» Records provided

------------------------------------------------------------

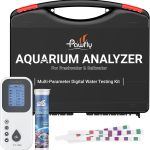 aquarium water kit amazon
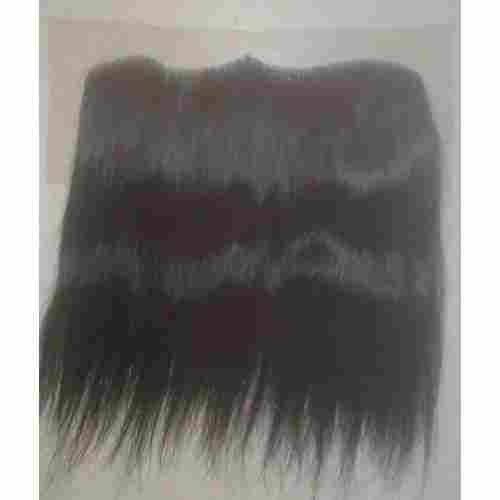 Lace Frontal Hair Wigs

------------------------------------------------------------

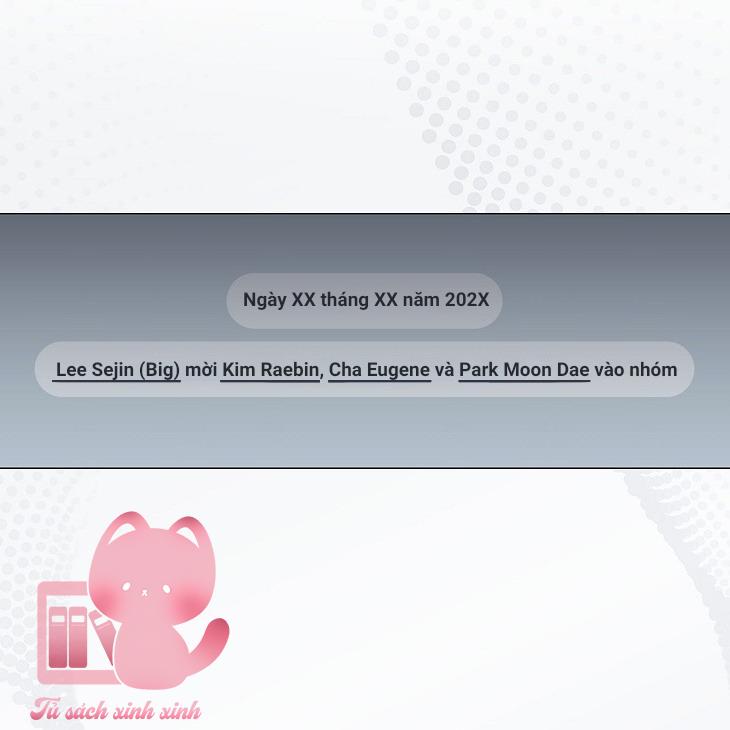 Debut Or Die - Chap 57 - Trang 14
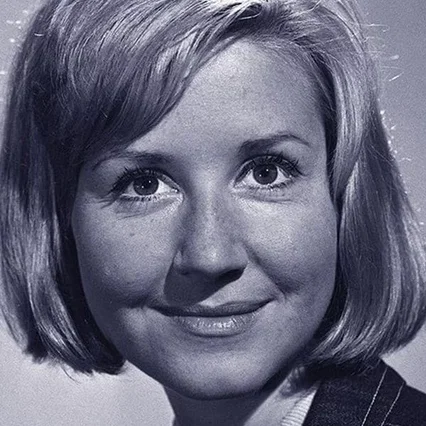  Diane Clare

------------------------------------------------------------

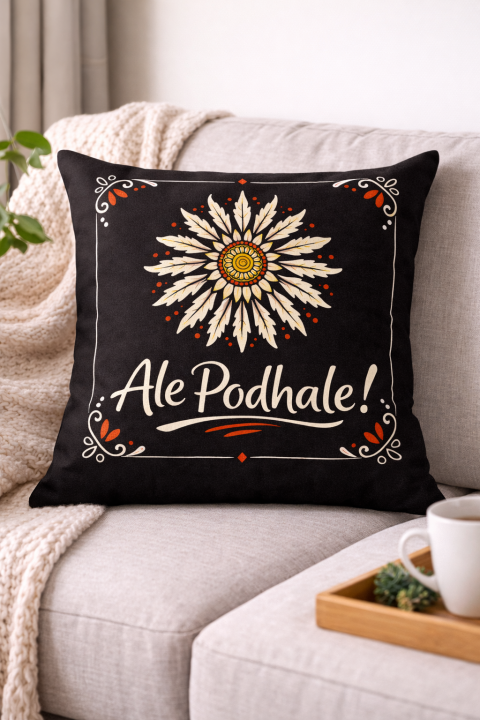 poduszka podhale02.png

------------------------------------------------------------

» What the task asks
Write out word for word the lines above that run from the one with "aquarium water kit amazon" to the one with "Lace Frontal Hair Wigs". Include both end lines; exclude the images.

» Problem solution
 aquarium water kit amazon
 Lace Frontal Hair Wigs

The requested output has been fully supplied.